Keywords: Bridges, non-conventional bridges, extradosed bridges, extradosed bridges, structural behavior of bridges, design criteria.

1. Introduction

During X IX century, one of the most relevant contributions to bridges engineering has been the introduction of prestressed technique, which is a solution to the need of controlling stress on elements in bridges. Initially this technique was employed by means of internal and external prestressed tendons, until 1925 when modern cable-stayed bridges appeared - the Tempul Aqueduct, which was developed and built by Eduardo Torroja (Torroja, 1927). In 1988 Jacques Mathivat proposes the concept of extradosed cables that are external prestressed tendons allocated in the deck's outer and upper side, which are diverted by low size masts (Mathivat, 1988)

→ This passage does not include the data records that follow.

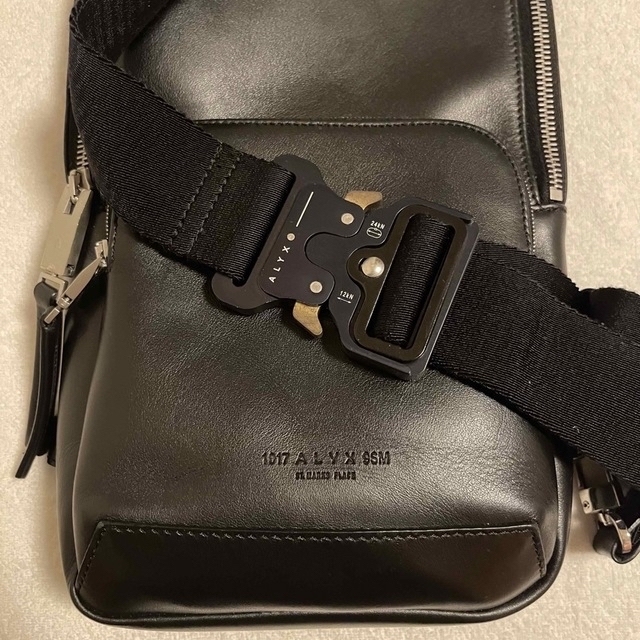 1017 ALYX 9SM ショルダーバッグ 1017 ALYX 9SM ショルダーバッグ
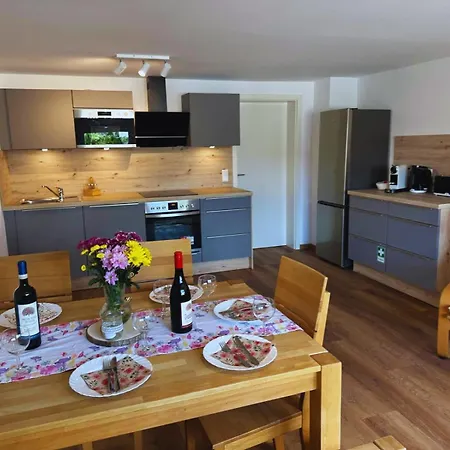 Frankenherz-apartments - Premium Mit Terrasse, Nahe Playmobil-funpark & Zur Messe, Self-check-in Apartment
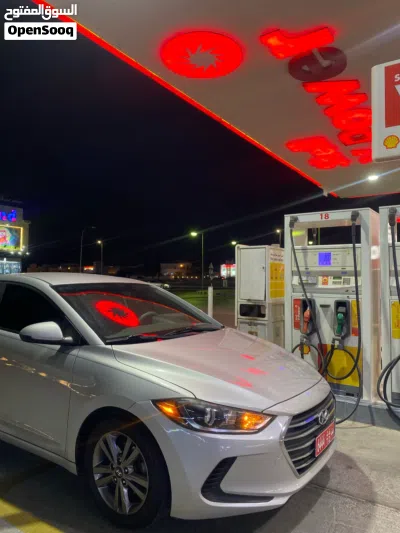 Hyundai Elantra Limited 3
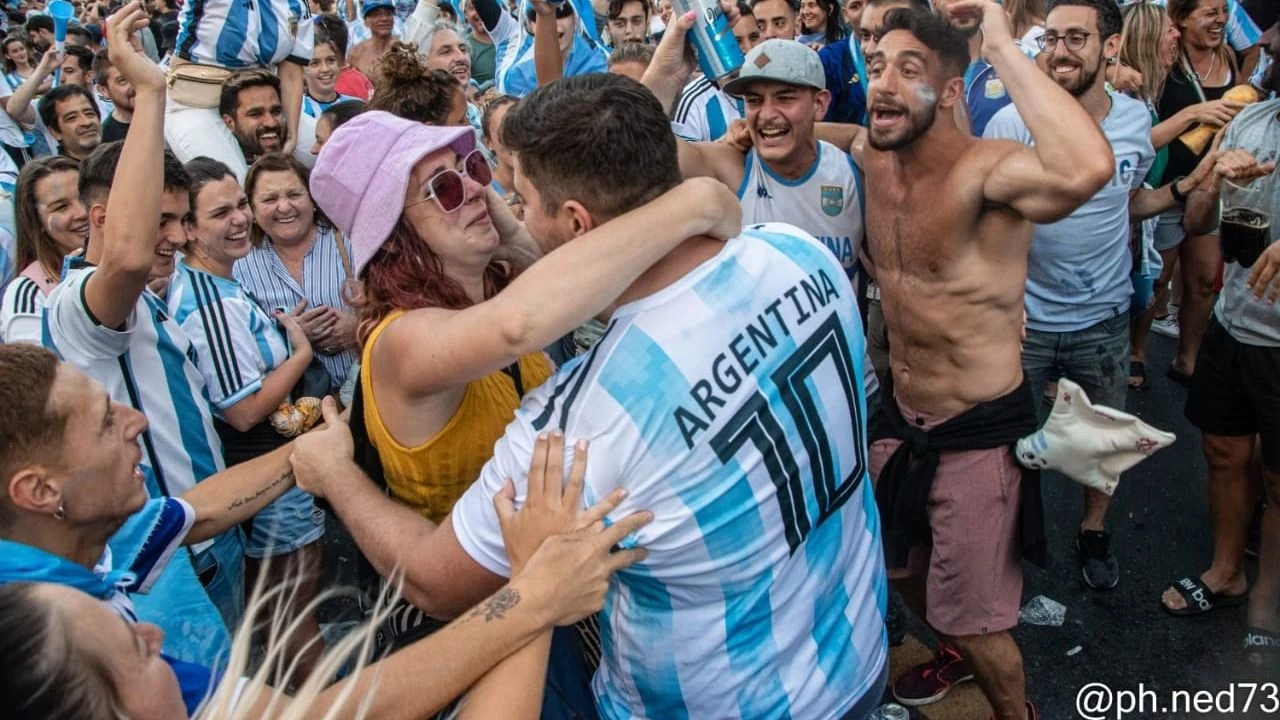 Juan y Bárbara, unidos por siempre por la celeste y blanca. Foto: @ph.ned73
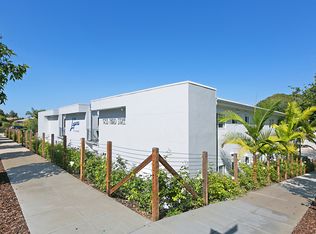 955 3rd St #B, Encinitas, CA 92024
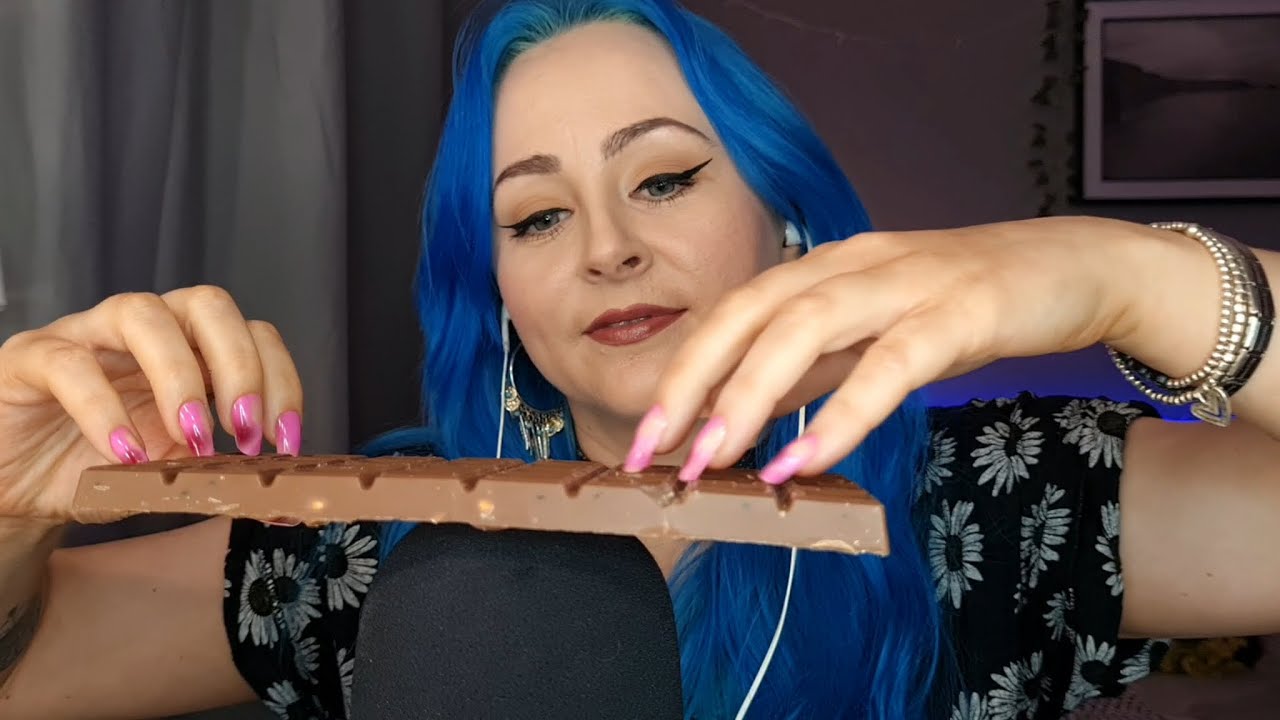 [ASMR] Tapping Chocolate For Tingles, No Talking, 20 Mins, Looped & Layered Audio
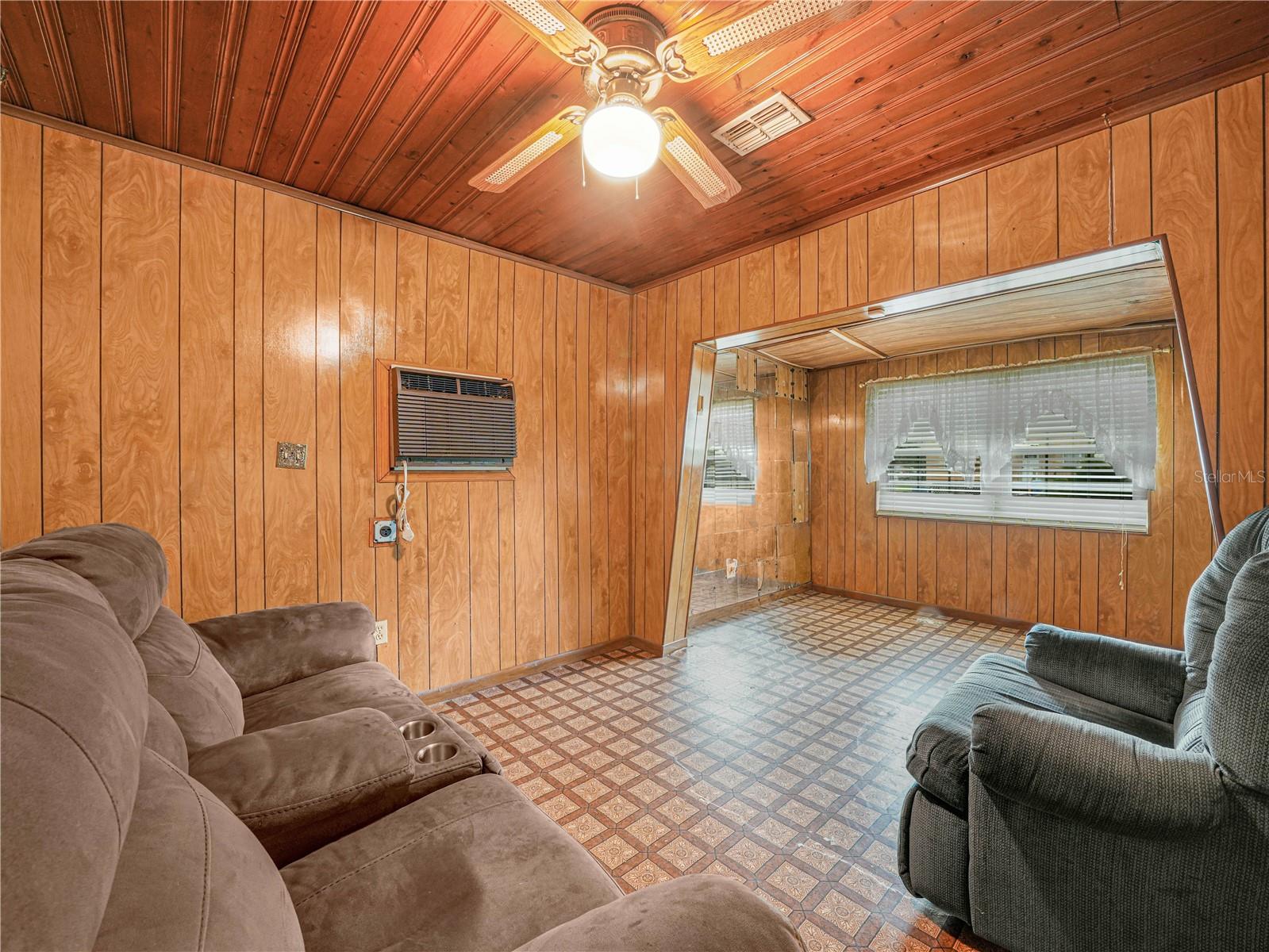 715 S SEMINOLE AVE, FORT MEADE, FL, 33841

Six years later the first prestressed extradosed bridge is built in Japan: Odawara Blueway (Ogawa et al., 1998a). Ever since the use of such typology has steadily increased, especially in Asian countries where, high seismic activity has not been a compound to the construction of these kinds of bridges. However, in some other countries such typology seems to be unknown, thus discarding the advantages offered by this structural system. This study introduces the typology, by highlighting basic features that define its structural behavior and the project criteria stated by literature.

2. Hysterical background

Currently there are two trends awarding the origin of prestressed extradosed bridges to different engineers. The first trend awards the creation of the concept to Cristhian Menn, who in 1980, propose the Ganter Bridge in Switzerland (Figure 1) in order to span a valley with a 140 meters high bridge, by means of a superstructure composed of a prestressed box-girder by concrete wall- embedded cables and stiff piers, which are well able to stand strong winds in the zone of Ganter Bridge in Switzerland (Figure 1), (Virlogeux, 2002 and Mermigas, 2008). At that time cables' adapted arrangement involved technical innovation however; the structure has been mostly admired by the engineering community by its esthetics and harmony with the landscape (Virlogeux, 1999).

For the second trend, other authors (Ogawa et al., 1998a; Chio, 2000; Hino, 2005; Kasuga, 2006; Ishii, 2006) award the concept and denomination of such typology to Mathivat, who suggested a solution for the tendered Arrét Darré viaduct in France, by means of a bridge replacing the internal tendons of the upper beam fin by external cables arranged in a small size mast over the bearing pile sections and on the deck upper side (Figure 2). The solution by Mathivat, which was rejected, proposed a 30% material saving regarding the box-girder solution and furthermore it would enable the effective use of cables by stressing them at the same level than conventional prestressed tendons (Mermigas, 2008).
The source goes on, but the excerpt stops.